> _EXERCISE DIRECTIONS_
Only the pictures should be dropped; every line of the data must come back exactly as written.

> _EXERCISE INPUT_

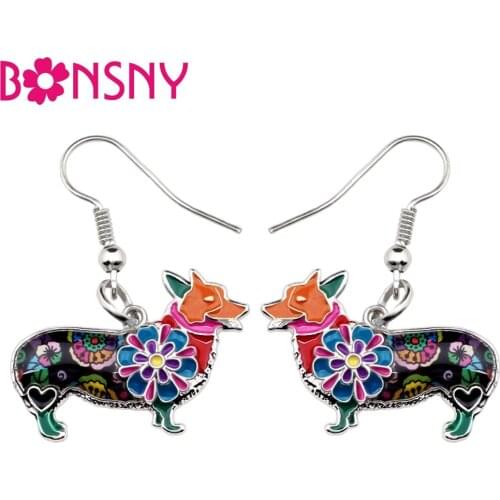 Bonsny Enamel Alloy Floral Welsh Corgi Pembroke Dog Earrings Dangle Drop Long Fashion Ladies Jewelry For Girls Women Teens Gifts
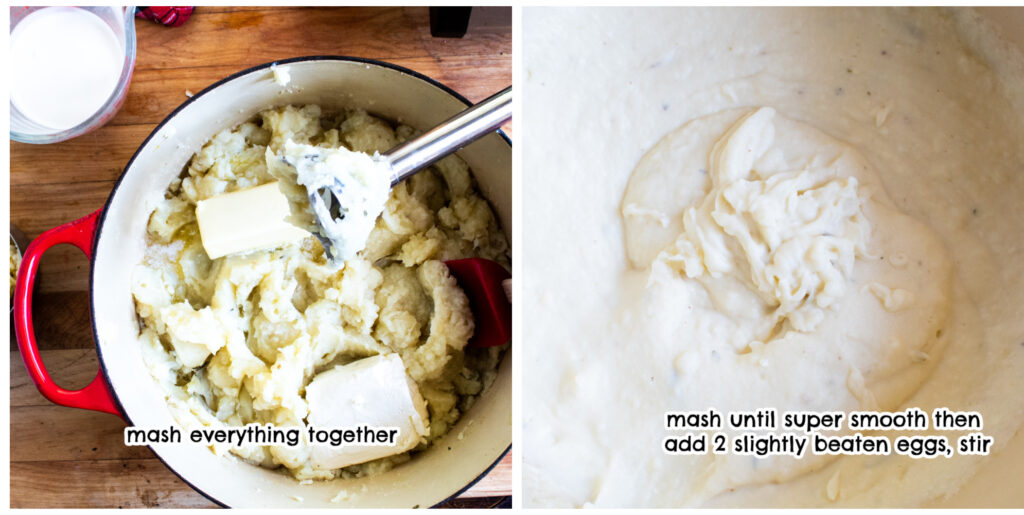 Step three and four of cooking mashed potato cauliflower casserole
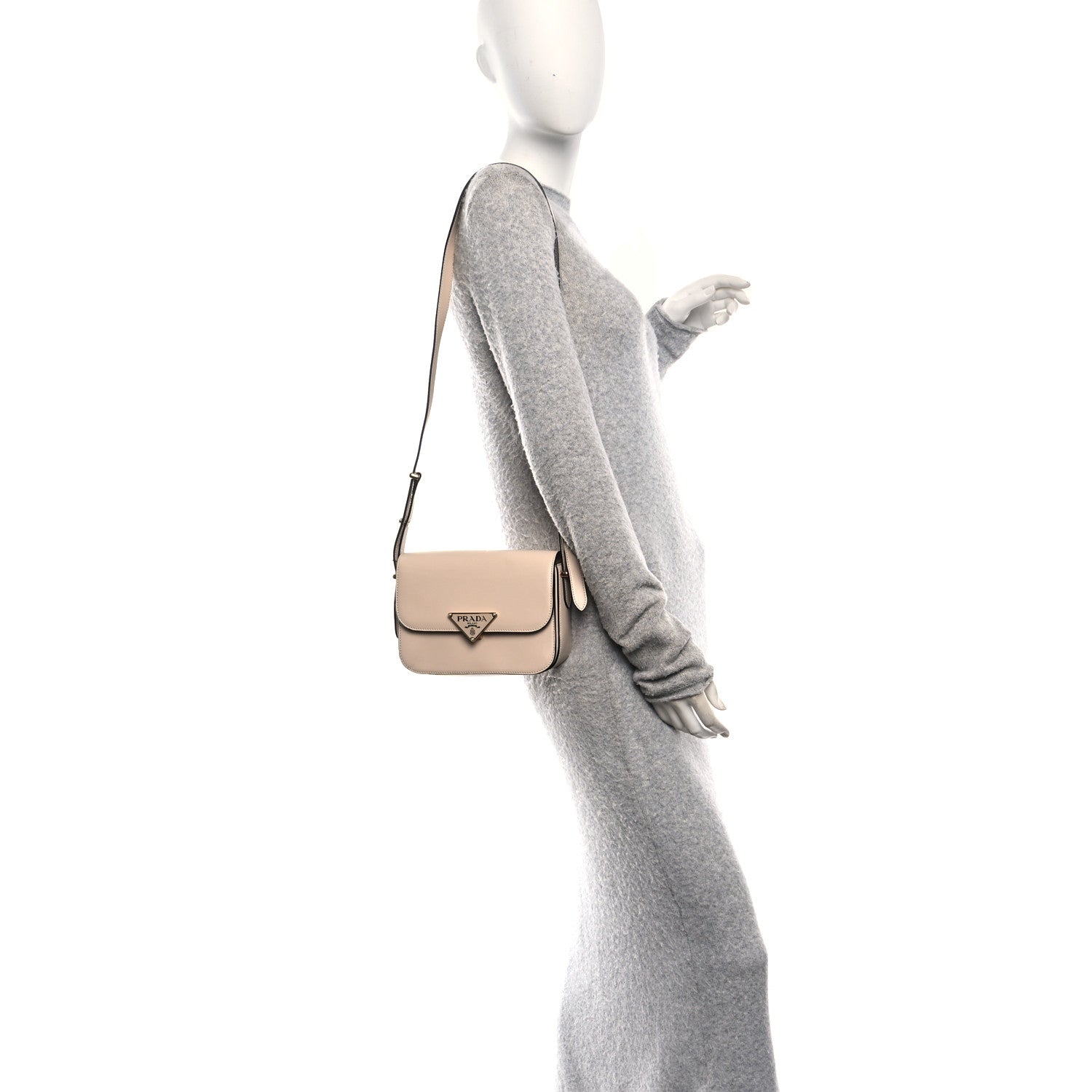 Prada Box Calfskin Triangle Embleme Flap Shoulder Bag Sabbia 2 of 9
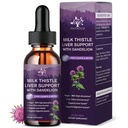 (2 Pack) חלב זהטול טיפות Silymarin 1000 מ"ג, Liver תוספת Detox & ניקויse עם Dandelion & Artichoke, Milk Thistle Organic Extract for Support Fix Liver Health, טבעוני, non-GMO, 1 Fl Oz Oz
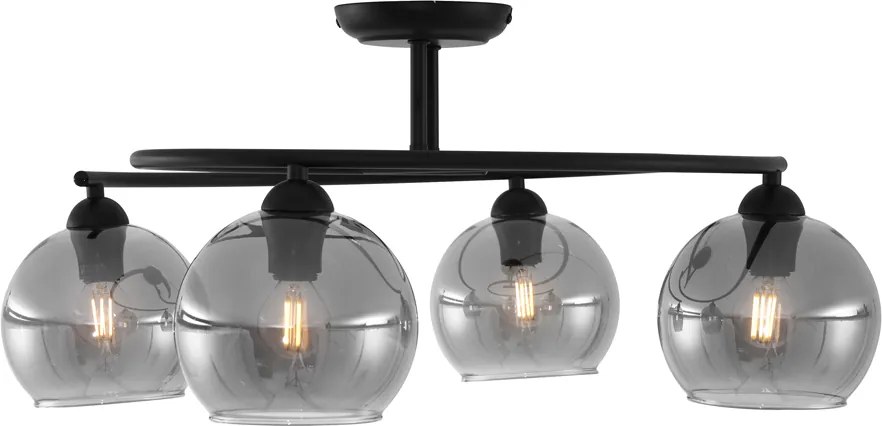 Plafoniera moderna nera con vetro fumé 4 luci - Alanis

> _TASK RESPONSE_
 Bonsny Enamel Alloy Floral Welsh Corgi Pembroke Dog Earrings Dangle Drop Long Fashion Ladies Jewelry For Girls Women Teens Gifts
 Step three and four of cooking mashed potato cauliflower casserole
 Prada Box Calfskin Triangle Embleme Flap Shoulder Bag Sabbia 2 of 9
 (2 Pack) חלב זהטול טיפות Silymarin 1000 מ"ג, Liver תוספת Detox & ניקויse עם Dandelion & Artichoke, Milk Thistle Organic Extract for Support Fix Liver Health, טבעוני, non-GMO, 1 Fl Oz Oz
 Plafoniera moderna nera con vetro fumé 4 luci - Alanis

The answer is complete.